Housing Infrastructure Bonds Testimony
The following testimony was presented by CEO and President Lee Blons on February 9.
I am Lee Blons, the CEO & President of Beacon Interfaith Housing Collaborative. I’m pleased to speak today in favor of the $100 million Housing Infrastructure Bonding (HIB) bill. This bill is supported by the Homes For All coalition which represents over 270 organizations across the state with a united cause: increasing access and resources to housing in Minnesota.
Let me begin by thanking all of you for your past support. In a time of political divide, it has been heart-warming to see the bi-partisan support for investing in homes through the bonding bill.
Beacon Interfaith Housing Collaborative is a collaborative of 100 faith communities in the Twin Cities area who work together to create homes for those that are the most disadvantaged, both directly as a developer and also as an advocate for increased public investment in housing. Beacon is one of many non-profit and for-profit housing developers that have been able to utilize HIB to create homes to meet a variety of needs in communities across the state.
With HIB, Beacon has created more homes for homeless youth, for homeless adults, and in the near future for homeless families.
Many of you are aware of the encampments that have developed in our community where men and women are huddled in tents and around fires. Three years ago, Beacon invited a number of our clergy to meet with Native leaders who walked with us to the Wall of Forgotten Natives. It was early in the morning and people were just waking up, and I saw a line forming with pots at a fire hydrant that the city had added a spout to labelled “potable water.” It looked like a refugee camp. A camp resident – looking around at the desolate surroundings – asked one of the ministers, “Where is God?” In my faith tradition, the answer is in the community of sharing that the camp residents built to look out for each other, the answer is in the food and caring that came from the broader community, and the answer is in your vote to support Housing Infrastructure bonds with our shared vision to end homelessness in our state.
Out of that day, we made a decision to create homes in relationship with Red Lake Nation to specifically address the underserved Native community. Thanks to HIB funding, this spring we will begin rehab on a historic downtown Minneapolis building to create Bimosedaa, which is Objibwe for Let’s Walk Together, named by the elders of Red Lake Nation. As supportive housing, Bimosedaa will be not only a safe home but also have on-site mental health and chemical dependency services within intentional and culturally specific community building.

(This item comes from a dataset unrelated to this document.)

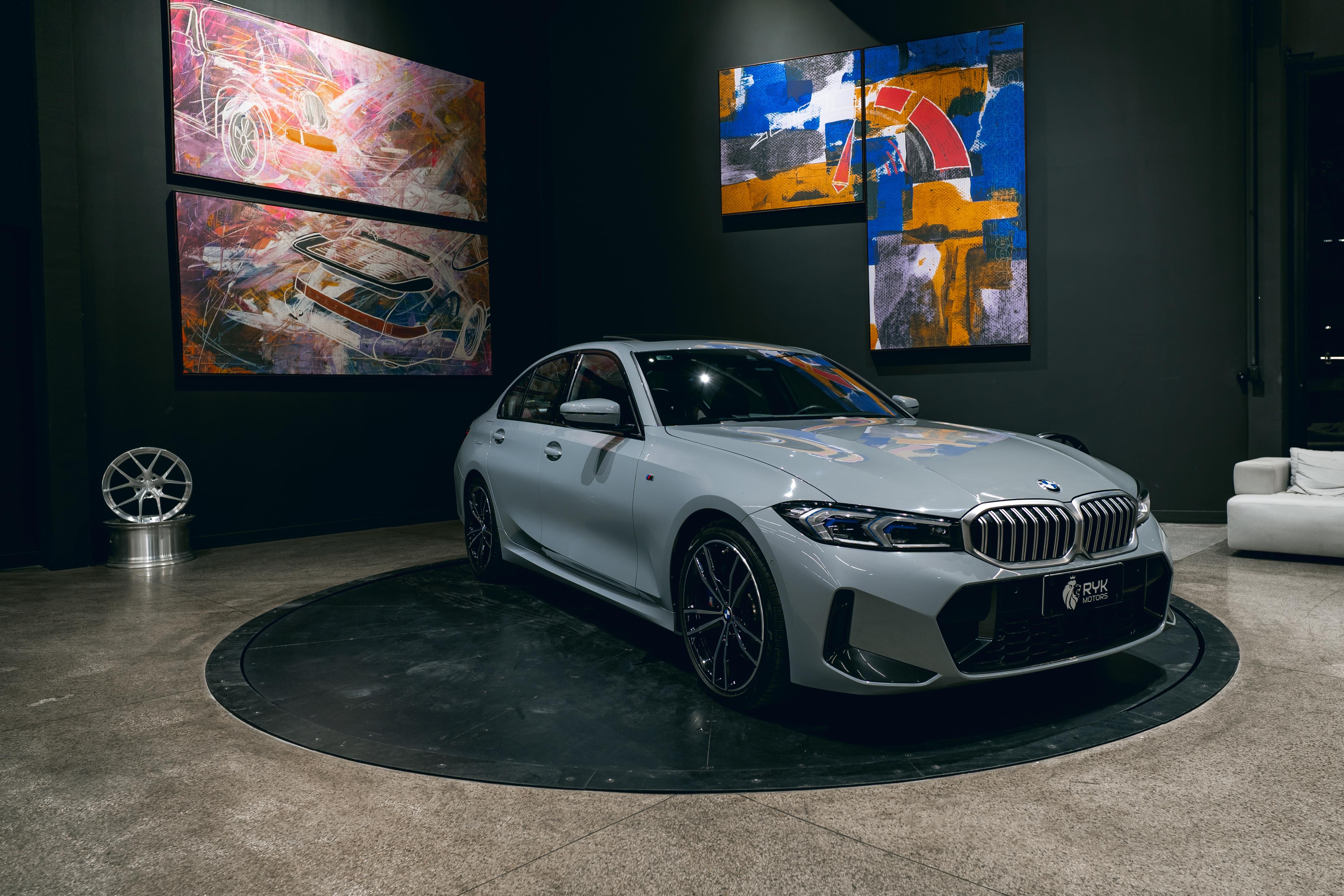 BMW 320i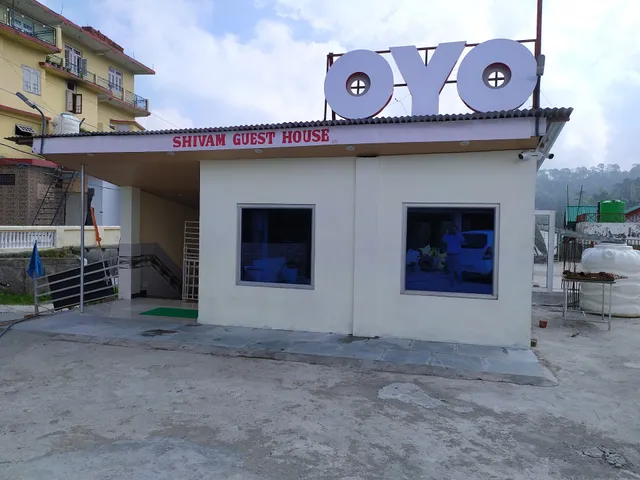 OYO 45496 Shivam Guest House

Beacon has recently taken on the challenge of creating supportive housing for families that often experience generational housing instability. Funded in this very last round of HIB funding, at Vista 44 in Hopkins, in suburban Hennepin County, families will have not only a home but intensive services on-site to help a mom that is coming out of drug treatment reunite with her children, to help a dad find a better paying job, and to help children succeed in school that has been disrupted by homelessness and other trauma.
Unfortunately the need remains: we also had two family supportive housing developments that didn’t get selected this year. I’d like to highlight Prairie Pointe, which would be the first significant supportive housing development in Scott county – because homelessness impacts all of our counites.
And lastly, our youth housing. I will be sharing a video of Naomi, who became an advocate to help create 66 West to serve young people who experience homelessness in the suburbs. Thanks to her and thanks to you, 66 West was created across the street from Southdale Mall in Edina to meet that need.